Avant d’être abbesse de Saint-Georges, Julienne se signala par un trait de courage et d’intrépidité dont les chroniqueurs et les historiens bretons[1] ont conservé le souvenir. Elle était, avec sa belle-sœur Tiphaine Raguenel, réfugiée, durant la guerre, dans le château de Pontorson, dont son frère Bertrand était gouverneur. Pendant l’absence de du Guesclin, occupé à quelque expédition, un capitaine anglais, Jehan Felleton [2], entreprit de se rendre maître du château par surprise. Une nuit, au printemps de l’année 1363, il en tenta l’escalade, comptant sur des intelligences qu’il s’était ménagées dans la place.

Julienne dormait non loin de la muraille que gravissaient en silence les assaillants. Un songe merveilleux, suivant la tradition, l’avertit du danger. Qu’il y ait eu miracle ou non, toujours est-il qu’éveillée bien à propos, elle se leva, courut en armes droit à l’endroit où les échelles étaient dressées, renversa les premiers Anglais, qui déjà atteignaient les créneaux ; puis, jetant le cri d’alarme, l’héroïne mit sur pied la garnison et sauva ainsi Pontorson de la tentative de Felleton et de ses Anglais.
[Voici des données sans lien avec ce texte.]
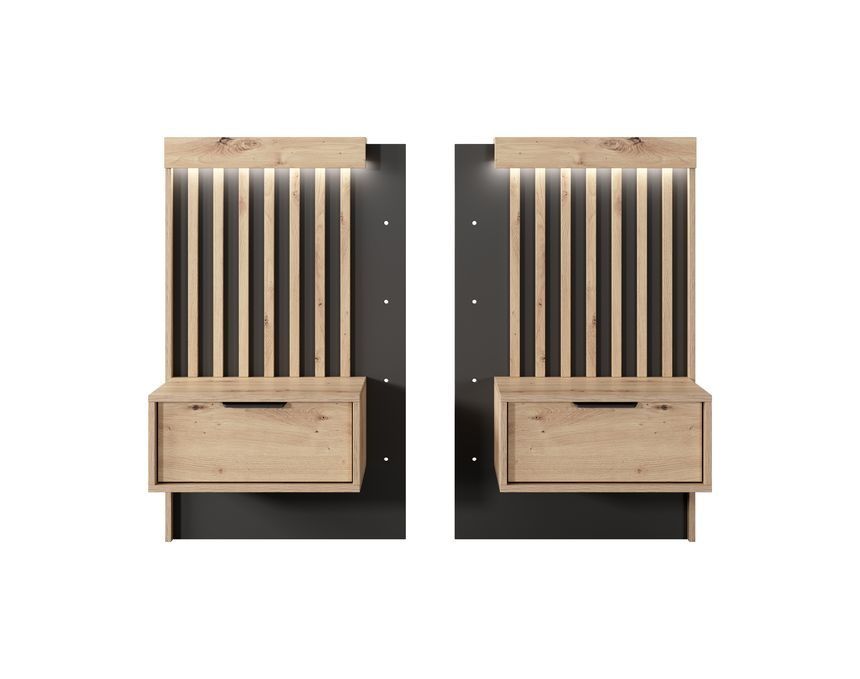 Тумби приліжкові Perfect Home Таллі / Tally з 2 шухлядами 1S/51 дуб артизан / антрацит PHTALLY4 фото меблі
Julienne du Guesclin « ressentait sa race, » comme dit d’Argentré ; elle ne démentit pas, en effet, la valeur des chevalins bretons dont elle était descendue. La piété et la vail-

  1. Histoire de Bretagne, de Bertrand d’Argentré, p. 470 (édition de 1588). — Histoire de Bertrand du Guesclin, par P. Hay du Chastelet, liv. II, p. 47 (édition de 1666).
  2. Quelques auteurs rappellent William ou Guillaume Pelton.